Vinayak, I did say "for larger bills" didn't I? :). My dad's been doing 
security printing since the 80s so I've picked up some trivia along the way.

That is, besides inflation, another reason why small currency is going out of 
circulation

-- 
srs (blackberry)

-----Original Message-----
From: Vinayak Hegde <vinay...@gmail.com>
Sender: silklist-bounces+suresh=hserus....@lists.hserus.net
Date: Sat, 5 May 2012 10:02:26 
To: silklist@lists.hserus.net<silklist@lists.hserus.net>
Reply-To: silklist@lists.hserus.net
Subject: Re: [silk] Of paper tigers and tigers on paper

On Tuesday, January 24, 2012, Vinayak Hegde wrote:

> On Mon, Jan 23, 2012 at 11:05 PM, Suresh Ramasubramanian
> <sur...@hserus.net <javascript:;>> wrote:
> > Udhay Shankar N [23/01/12 22:37 +0530]:
> >
> >> On 23-Jan-12 9:53 PM, ss wrote:
> >>
> >>> Once you oursource a thing like making curreny then you can only writhe
> >>> and
> >>> kick about when it gets faked.
> >>
> >>
> >> The hidden assumption in this statement is that it is feasible to get
> >> the same anti-forgery features done here at a comparable cost.
> >
> >
> > Udhay, for larger bills (such as the 10 rupee and above currently in
> > circulation), the face value of the bill is going to be far more than its
> > printing and distribution costs.
> >
> > It wont cost 500 rupees to print a 100 rupee bill
>
> Well only partly true. Currency can sometimes be cost more to make
> than face value.
> Case in point the lincoln penny costs 1.7 cents to make when the face
> value is 1 cent.
>
>
> http://blogs.wsj.com/economics/2009/02/12/new-penny-lincoln-love-helps-keep-waste-alive/
>
> One guy even built his business model on monetising this differential cost.
>
> http://www.newyorker.com/reporting/2008/03/31/080331fa_fact_owen
>
> More links:
>
> http://economistsview.typepad.com/economistsview/2008/05/the-lincoln-cen.html
>
> I have lately been fascinated that countries have been printing
> currency on plastic.
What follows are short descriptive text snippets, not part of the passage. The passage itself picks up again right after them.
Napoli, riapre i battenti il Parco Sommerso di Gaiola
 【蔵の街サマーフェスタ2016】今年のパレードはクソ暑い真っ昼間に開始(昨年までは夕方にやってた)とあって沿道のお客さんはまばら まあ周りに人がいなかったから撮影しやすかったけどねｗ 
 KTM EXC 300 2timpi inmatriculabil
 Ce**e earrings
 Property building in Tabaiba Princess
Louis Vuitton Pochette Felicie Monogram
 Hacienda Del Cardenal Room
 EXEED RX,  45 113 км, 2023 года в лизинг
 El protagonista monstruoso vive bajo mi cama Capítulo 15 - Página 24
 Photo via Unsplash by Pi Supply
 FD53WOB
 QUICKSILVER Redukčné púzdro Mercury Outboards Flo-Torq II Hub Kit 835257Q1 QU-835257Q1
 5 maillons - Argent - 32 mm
I have few of those in my collection.
>
> Nothing tells about how high inflation is (the govt manipulated index
> notwithstanding) than how cheap is the metal that goes into making the
> coins.
> Case in point Look at how the 1 Rupee / 2 Rupees / 5 rupees coins have
> "evolved". The metal has become cheaper and the coins have become
> smaller. 25/50paise coins have gone out of circulation.
>
> -- Vinayak
>

Canada is getting rid of the penny finally.